# EXERCISE
Please restate the records that follow word for word, omitting any images.

# TASK INPUTS

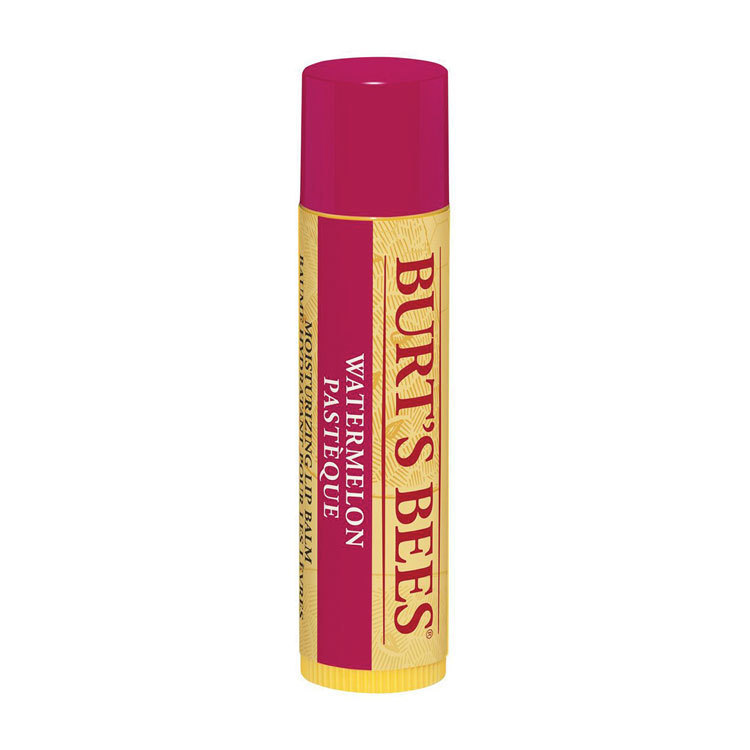 Burt's Bees Lip balm watermelon 4g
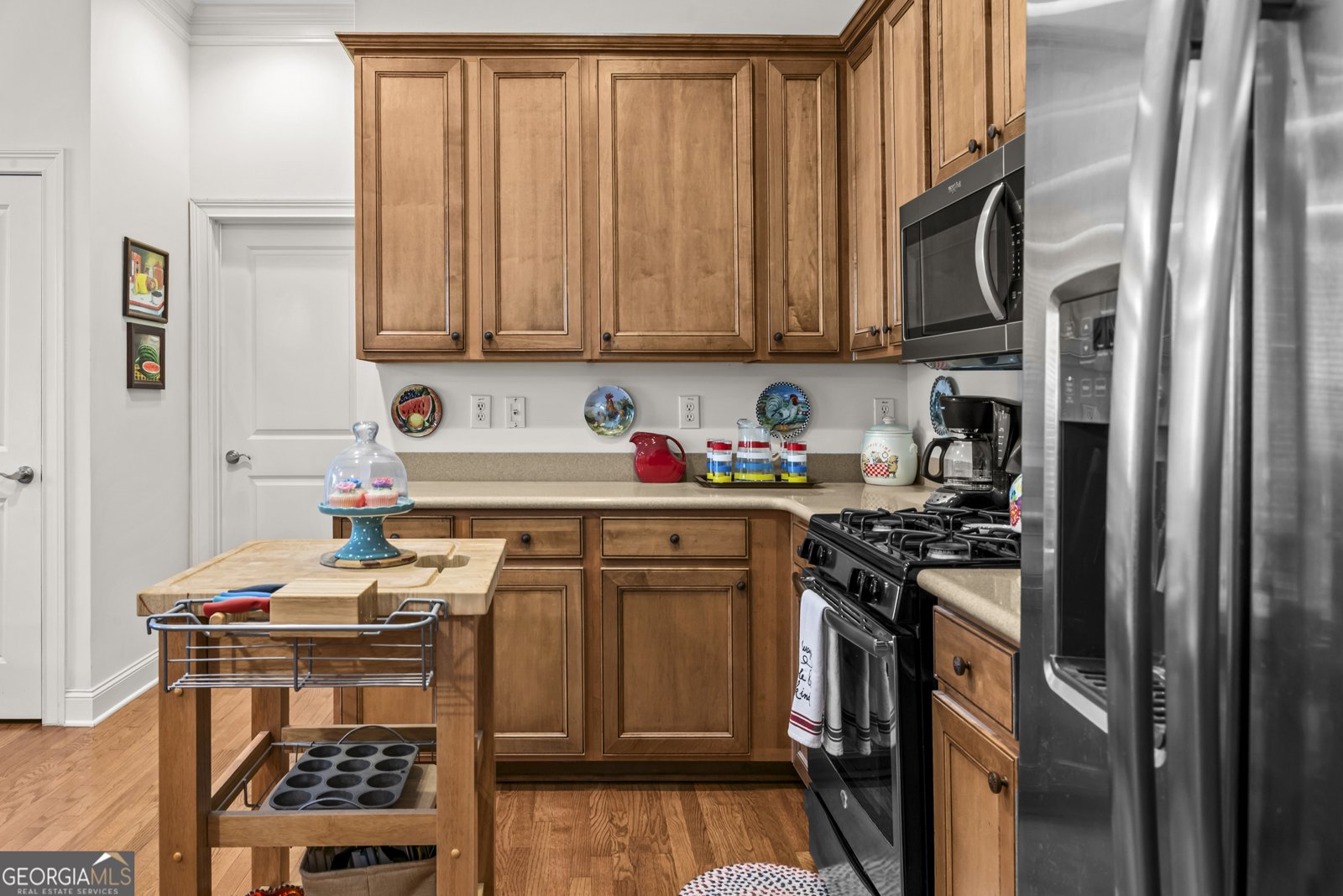 1061 Creekwood Circle Madison - 9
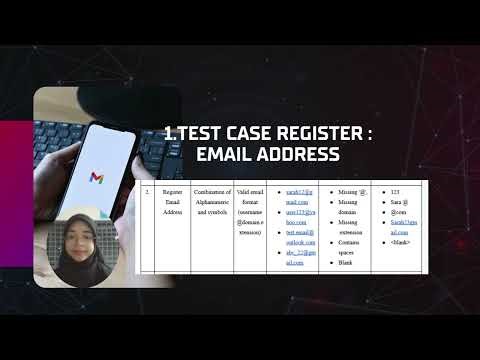 PART 1 ( GROUP 11) - SOFTWARE TESTING AND QUALITY ASSURANCE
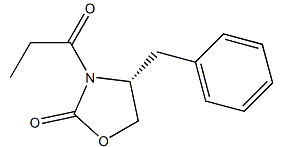 (R)-(-)-苄基-3-丙酰基-2-恶唑烷酮-CAS:131685-53-5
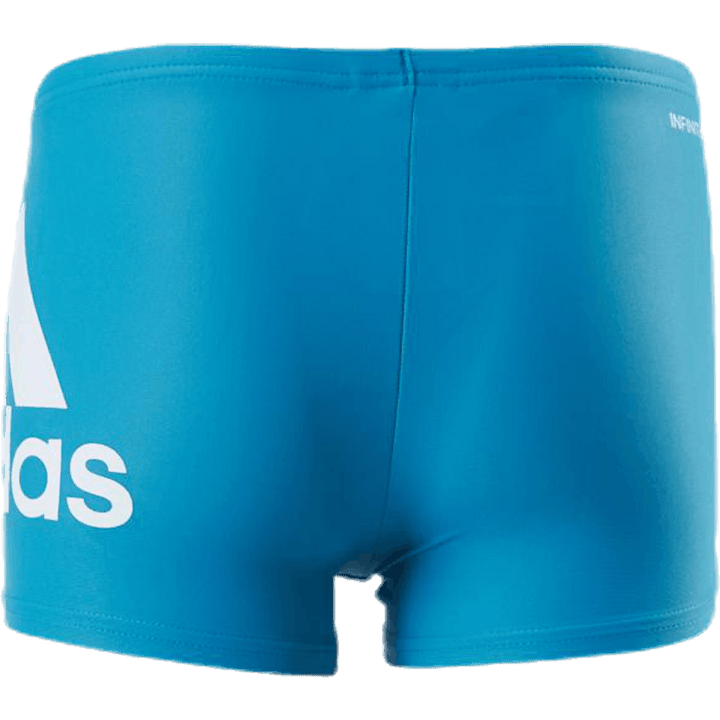 Junior Bos Boxer Blue/White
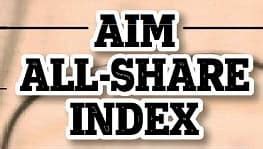 Ftse Aim All Share Index A Basic Introduction Valuable Tips For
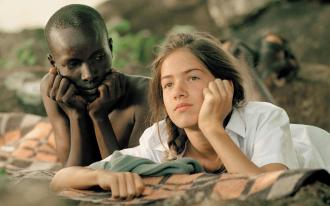 Nowhere in Africa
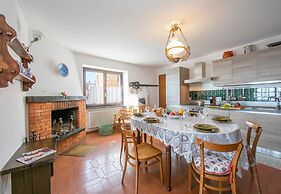 Chalet Cademario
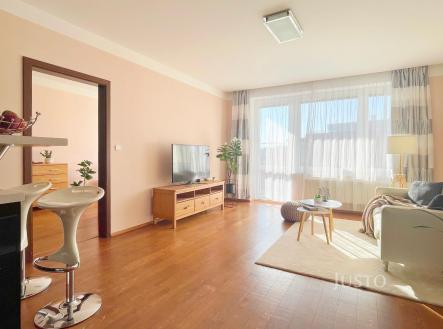 Prodej bytu, 4+kk, 135 m² obrázek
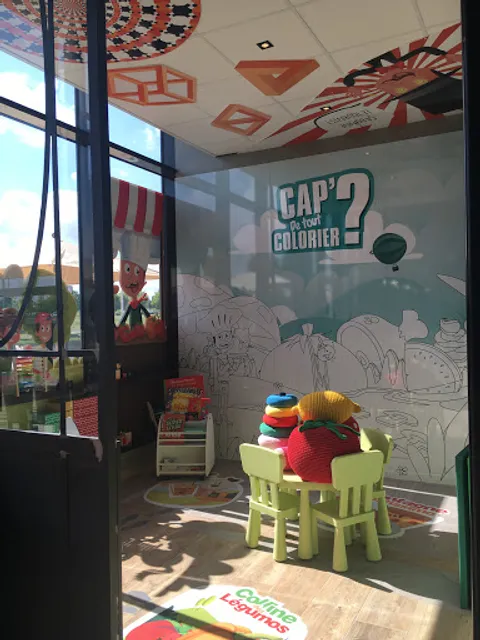 Pizza Paï Noyelles-Godault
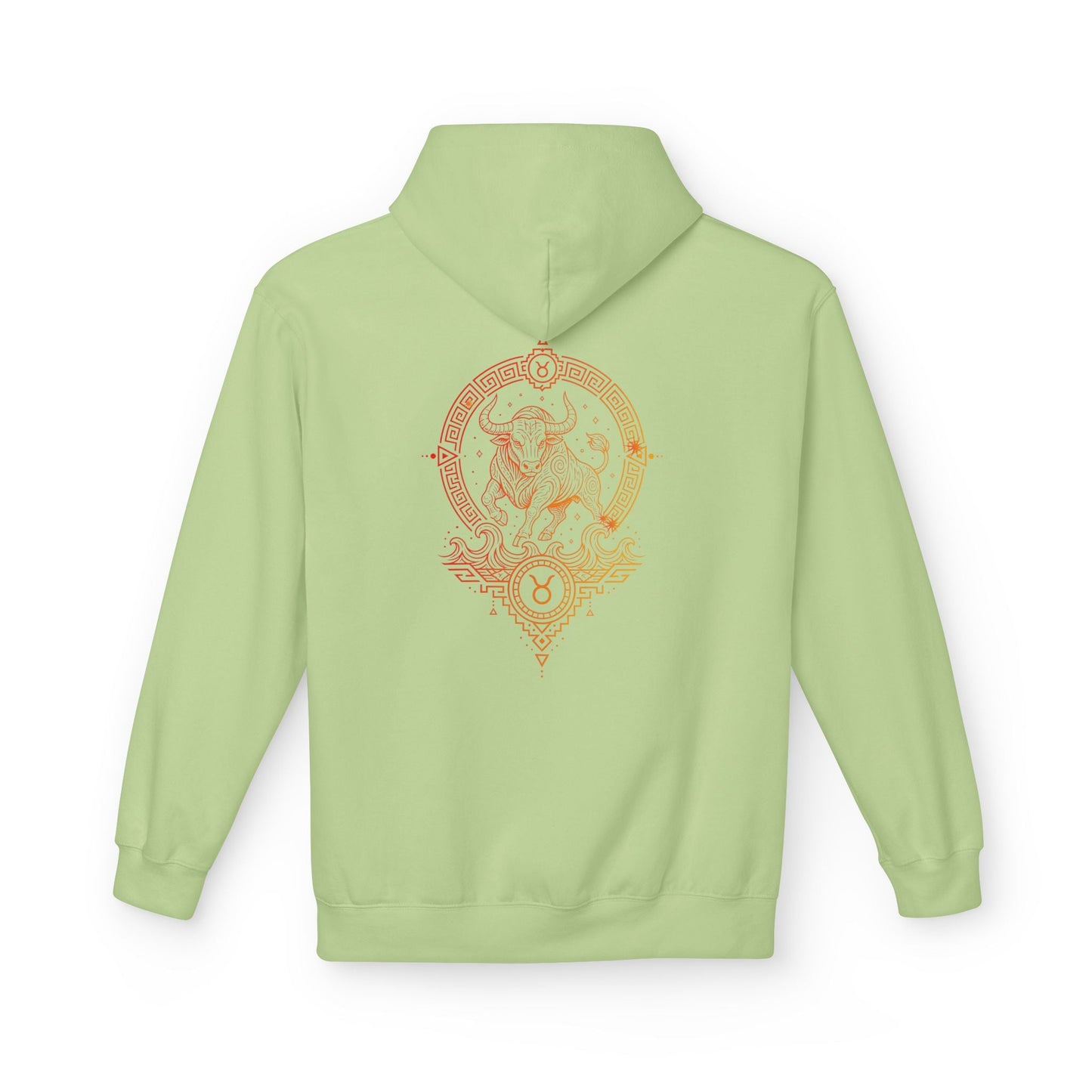 Taurus Zodiac Hoodie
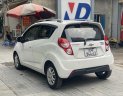 Chevrolet Spark 2014 - Màu trắng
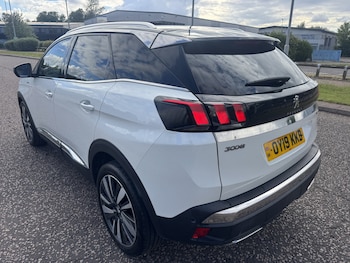 Used Peugeot 3008 2019 for sale - 78787892: Photo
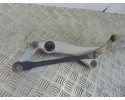 Motor limpia delantero, Mercedes-benz Clase a (Bm 169) A 200 Turbo (169.034) 2006, A1698200300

# RESULT FOR THIS TASK
 Burt's Bees Lip balm watermelon 4g
 1061 Creekwood Circle Madison - 9
 PART 1 ( GROUP 11) - SOFTWARE TESTING AND QUALITY ASSURANCE
 (R)-(-)-苄基-3-丙酰基-2-恶唑烷酮-CAS:131685-53-5
 Junior Bos Boxer Blue/White
 Ftse Aim All Share Index A Basic Introduction Valuable Tips For
 Nowhere in Africa
 Chalet Cademario
 Prodej bytu, 4+kk, 135 m² obrázek
 Pizza Paï Noyelles-Godault
 Taurus Zodiac Hoodie
 Chevrolet Spark 2014 - Màu trắng
 Used Peugeot 3008 2019 for sale - 78787892: Photo
 Motor limpia delantero, Mercedes-benz Clase a (Bm 169) A 200 Turbo (169.034) 2006, A1698200300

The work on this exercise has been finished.